I will definitely publish it, but I doubt very much that it will have a large impact. There are many other writers out there with a much larger audience who write similar books.
I also hope that a lot of people who have thought about these issues have proofread your book because it's the kind of thing that could really increase P(doom) substantially.
I'm currently in the process of translating it to English so I can do just that. I'll send you a link as soon as I'm finished. I'll also invite everyone else in the AI safety community (I'm probably going to post an invite on LessWrong).
Concerning the Putin quote, I don't think that Russia is at the forefront of development, but China certainly is. Xi has said similar things in public, and I doubt very much that we know how much they currently spend on training their AIs. The quotes are not relevant, though, I just mentioned them to make the point that there is already a lot of discussion about the enormous impact AI will have on our future. I really can't see how discussing the risks should be damaging, while discussing the great potential of AGI for humanity should not.

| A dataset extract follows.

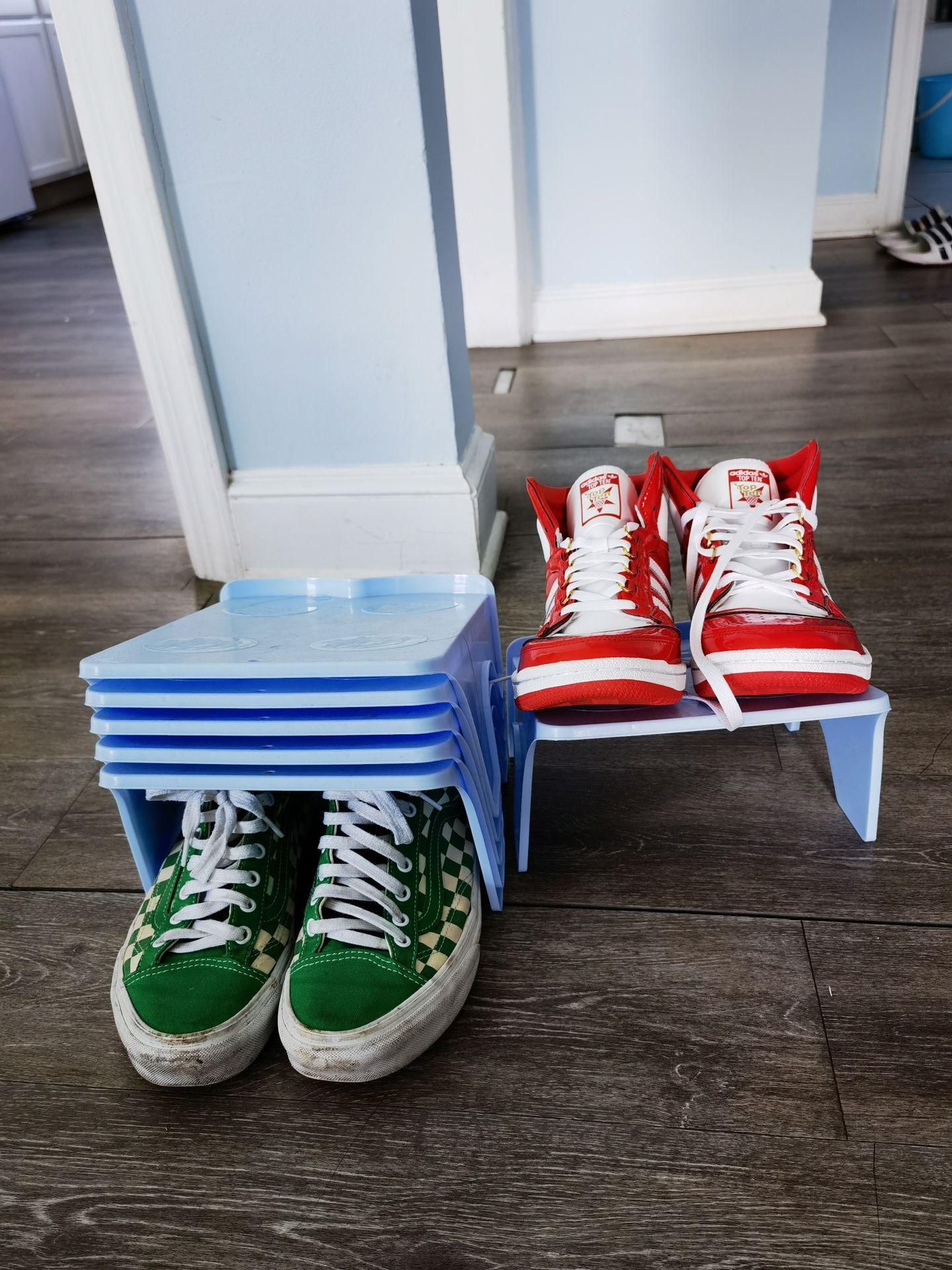 Shoe Rack Space Saver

simeon_c @ 2022-12-27T23:53 (+3)
"Nobody cared about" LLMs is certainly not true - I'm pretty sure the relevant people watched them closely.
What do you mean by "the relevant people"? I would love that we talk about specifics here and operationalize what we mean. I'm pretty sure E. Macron haven't thought deeply about AGI (i.e has never thought for more than 1h about timelines) and I'm at 50% that if he had any deep understanding of what changes it will bring, he would already be racing. Likewise for Israel, which is a country which has strong track record of becoming leads in technologies that are crucial for defense.
That many people aren't concerned about AGI or doubting its feasibility by now only means that THOSE people will not pursue it, and any public discussion will probably not change their minds.
I think here you wrongly assume that people have even understood what are the implications of AGI and that they can't update at all once the first systems will start being deployed. The situation where what you say could be true is if you think that most of your arguments hold because of ChatGPT. I think it's quite plausible that since ChatGPT and probably even more in 2023 there will be deployments that may make mostly everyone that matter aware of AGI. I don't have a good sense yet of how policymakers have updated yet.
Already there are many alarming posts and articles out there, as well as books like Stuart Russell's "Human Compatible" (which I think is very good and helpful), so keeping the lid on the possibility of AGI and its profound impacts is way too late
Yeah, I realize thanks to this part that a lot of the debate should happen on specifics rather that at a high-level as we're doing here. Thus, chatting about your book in particular will be helpful for that.
I'm currently in the process of translating it to English so I can do just that. I'll send you a link as soon as I'm finished. I'll also invite everyone else in the AI safety community (I'm probably going to post an invite on LessWrong).
Great! Thanks for doing that!
while discussing the great potential of AGI for humanity should not.
FYI I don't think that it's true.
Regarding all our discussion, I realized I didn't mention a fairly important argument: a major failure mode specifically regarding risks is the following reaction from ~any country: "Omg, China is developing bad AGIs, so let's develop safe AGIs first!".
This can happen in two ways:
- Misuse as the mainline scenario that people are envisioning. Basically, if you're mostly concerned about misuse, racing to be the first to have the AGI makes sense. And because misuse is way easier to understand than accidental risk, I expect this to be ~the default.
- Overestimating one's competence. Even if you believed in AGI accidental X-risks, you could still race thinking that you're better than the others and that could increase the chances of X-risk.
Thanks a lot for engaging with my arguments. I still think that you're substantially overconfident about the positive aspects of communicating AGI X-risks to the general public but I appreciate the fact that you took the time to consider and answer to my arguments.